The tooling answer to this, it seems, would be to support statically linked libraries. But again, I would want to see numbers before personally worrying about this.
So a few things to consider in regards to point 1:
* Your executable is going to be loaded as a whole page regardless of how large it is, on most platforms this means you'll need at least 4k of User VM.
* You'll need a page table, which has its own overhead. If someone was going to push back on the libc assertion I'd expect it here, a the PTEs for libc and and the VDSOs cannot be shared between processes (as far as I'm aware).
* I would expect it to in theory RUN faster assuming it was a small toy program like the example, this is because there is less work to be done even with shared pages.
Right, my question is along the lines of avoiding the pages of libc. An easy question here would be how many pages libc takes up. I'm assuming not many, but more than one.
I think there is a strong argument that this page is often already paged into memory from everyone using it. However, if the function you used from it would have fit in the pages you were already using for your application, I could imagine some benefit.
I continue to stress, though, that this is just imagined. Numbers would be first thing I would have to collect before acting on this. (And I hope it doesn't sound like I am tasking you or anyone else with this. That is not my intent.)

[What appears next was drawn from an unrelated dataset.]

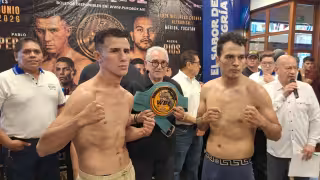 Yucateco “Rojo” Peraza supera el pesaje y toma ventaja en la pelea por el cinturón welter de la Fecarbox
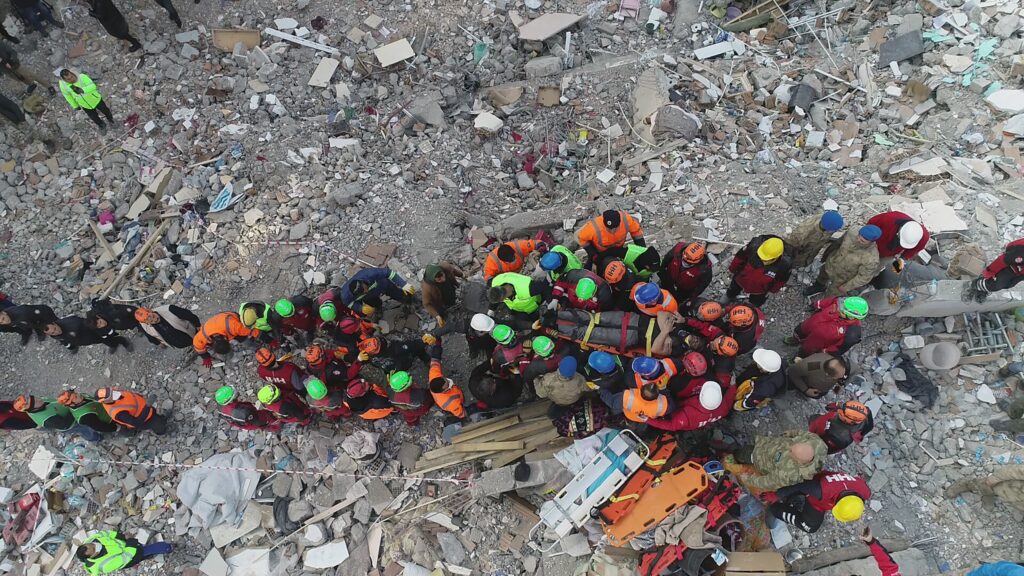 107. saatte sevincin adresi Arzu Apartmanı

At least two is the best answer I can give without specifying a specific libc and architecture. Something to think about is that the binary size of libc is only half the story. Even if the executable portion of libc fits in a single page. A libc implementation has a lot of per thread and per process statics it holds onto.
A good libc developer could actually put these into separate pages based on how often they change. In other words, if a static only is ever set once then coalesce it into a page with other statics that are only set once and are not process dependent.
Why that's important: because of fork, when fork creates a new process it sets the parent processes pages read only and then preforms copy on write when they are modified. In theory you can share both the binary and some of the statics between all the processes.
The tooling answer to this, it seems, would be to support statically linked libraries. But again, I would want to see numbers before personally worrying about this.